A fabricante francesa declara um 0 a 100 km/h em 9,7 s com álcool e 9,9 s com gasolina.
A suspensão, com molas e amortecedores exclusivos, e um eixo de torção traseiro mais rígido, também ficou bem acertada. As bitolas alargadas em cerca de 3 cm, combinadas ao entre-eixos maior, deixam o C3 Aircross muito mais estável que um C3. Além disso, a movimentação da suspensão traseira é mais contida, não afunda tanto como em outros Citroën.
Isso não quer dizer que o Aircross seja duro. Mesmo em estradas de terra esburacadas o carro é capaz de filtrar muito bem tudo que os pneus e rodas sentem.
Mas duas coisas deixam a desejar em velocidades mais altas. A primeira é o peso artificial da direção elétrica, que deixa uma manobra de ultrapassagem, por exemplo, um tanto quadrada nas reações. Outra coisa é o ruído interno de pneus e de vento conforme a velocidade aumenta. Também devem ter economizado no isolamento interno.
Uma escolha pragmática
O Citroën C3 Aircross tem dois argumentos irrefutáveis. Ele é muito mais espaçoso que qualquer outro carro do segmento quando com cinco lugares e é o único SUV compacto com sete lugares. O consumidor que precisa de sete lugares realmente é carente de opções entre os R$ 121.000 do Chevrolet Spin LT7 e o Caoa Chery Tiggo 8, de R$ 190.000.

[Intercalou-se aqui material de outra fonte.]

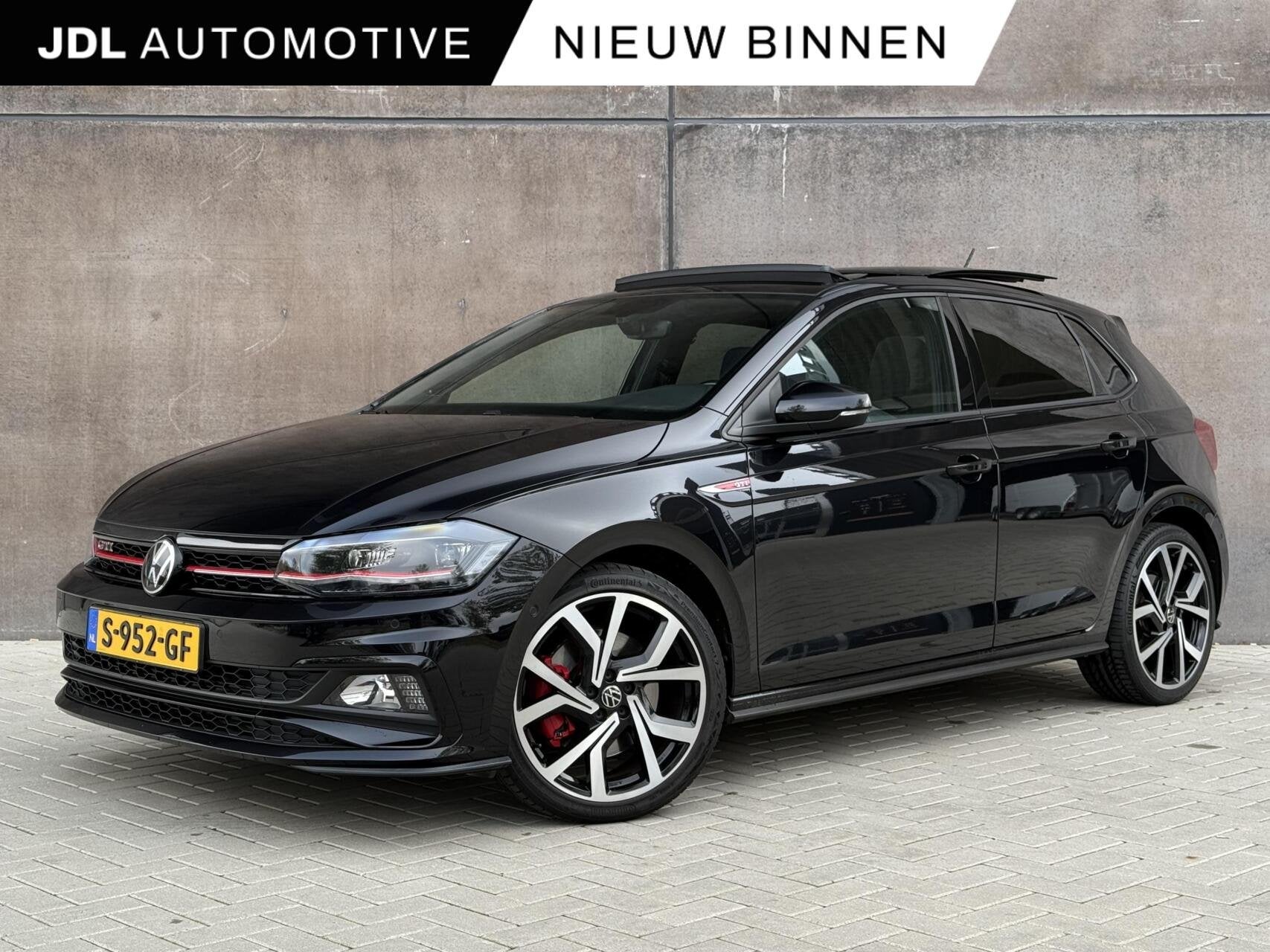 Volkswagen Polo 2.0 TSI GTI | Panorama dak | Beats Audio | A, Stof, Gebruikt, 4 cilinders, Zwart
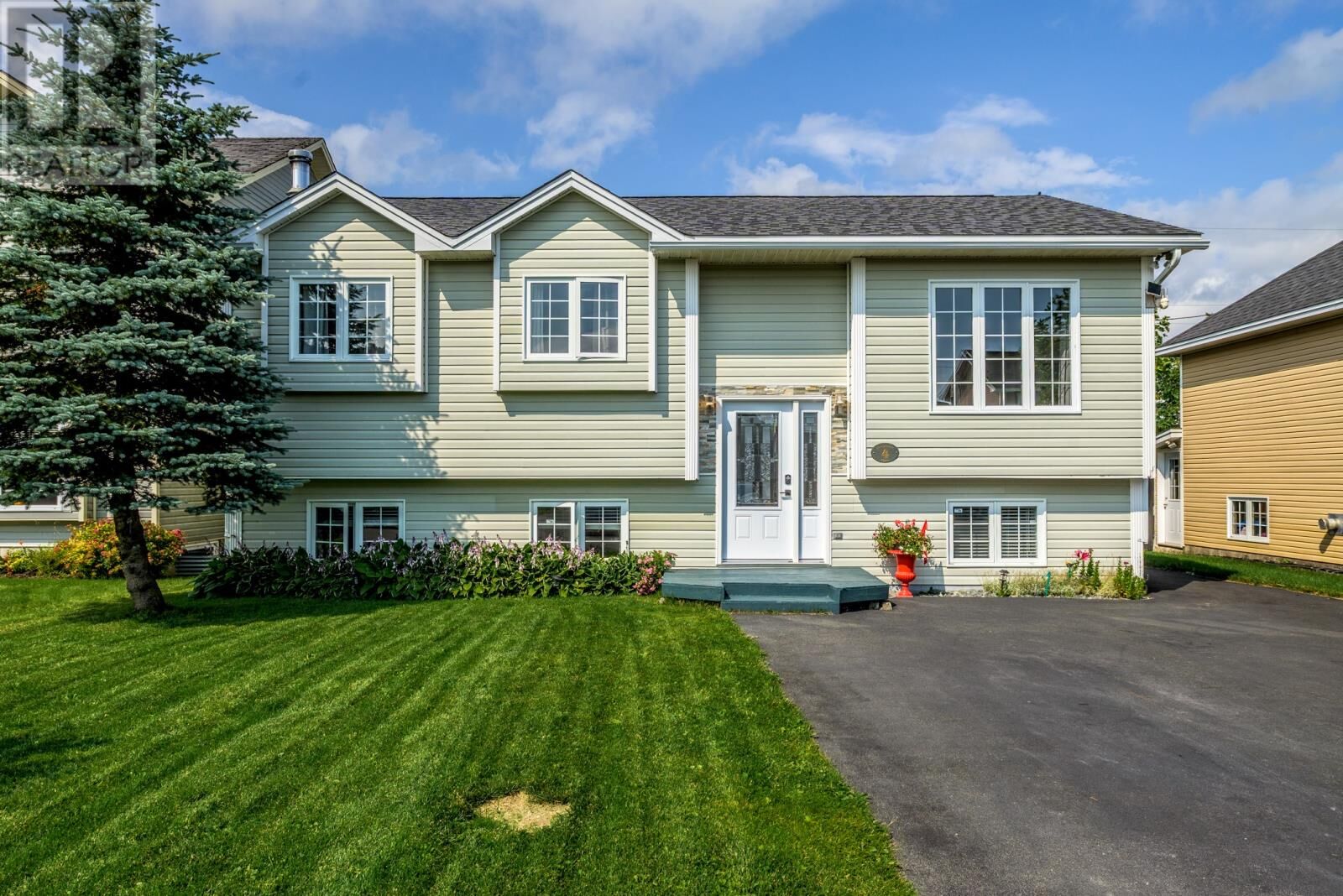 Property Photo: 4 Panoramic Place NL A1L 1K4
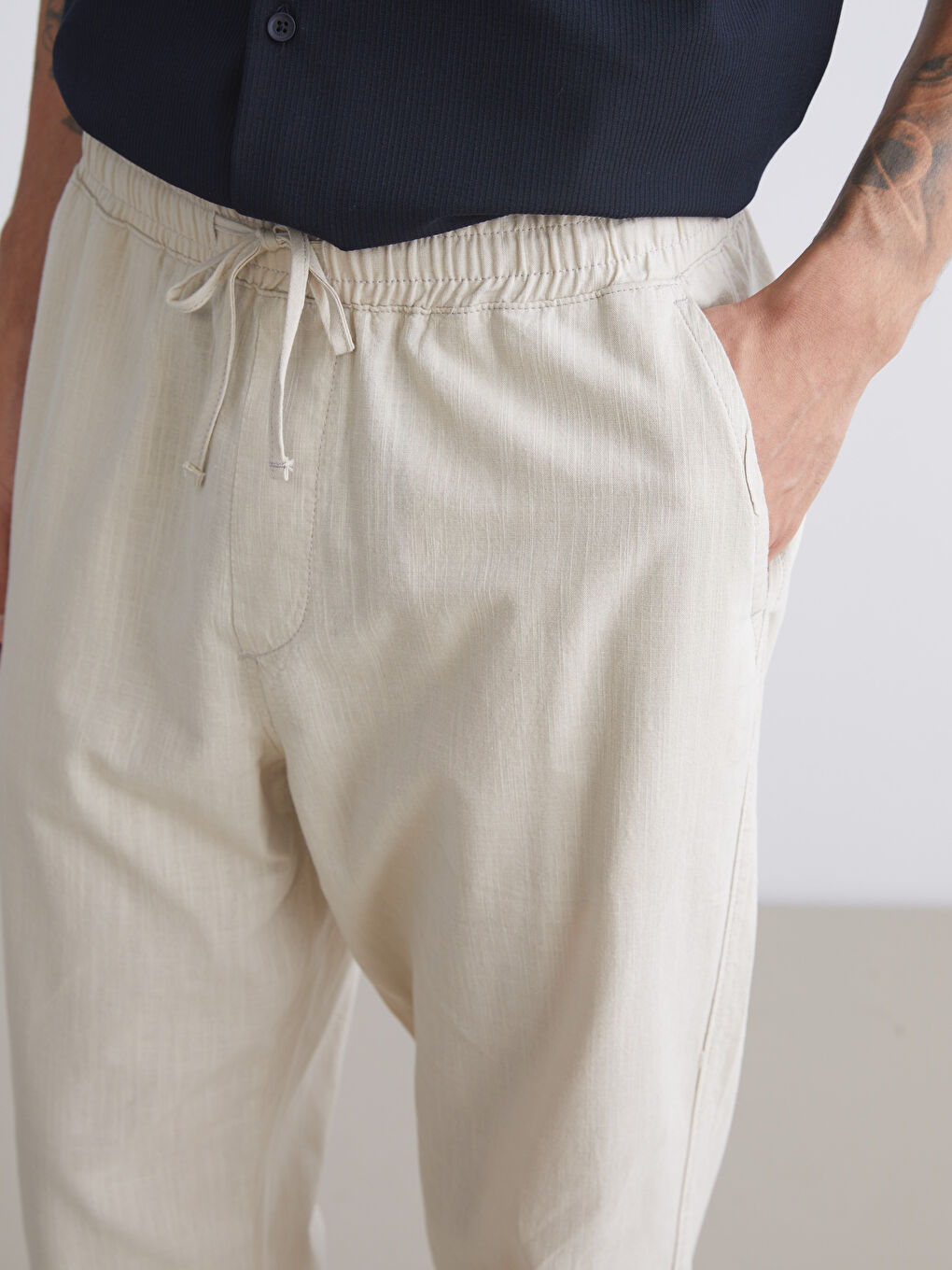 Gri Rahat Kalıp Keten Görünümlü Erkek Pantolon-2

Quem realmente precisa de espaço talvez não se importe com a falta de um acabamento melhor ou de alguns equipamentos que encontraria em SUVs de mesmo preço. Além do mais, é mais possível instalar algum item como acessório do que procurar uma empresa que faz limusines para aumentar um entre-eixos.
O que a Citroën fez foi quase inventar um próprio nicho. Quase, porque o primeiro SUV compacto com tanto espaço e porta-malas foi o Renault Duster. Mas este teve 12 anos para ter uma versão de sete lugares e perdeu a oportunidade – assim como perdeu o interesse do consumidor. Resta saber se o tamanho desse nicho é suficiente para fazer do C3 Aircross um sucesso.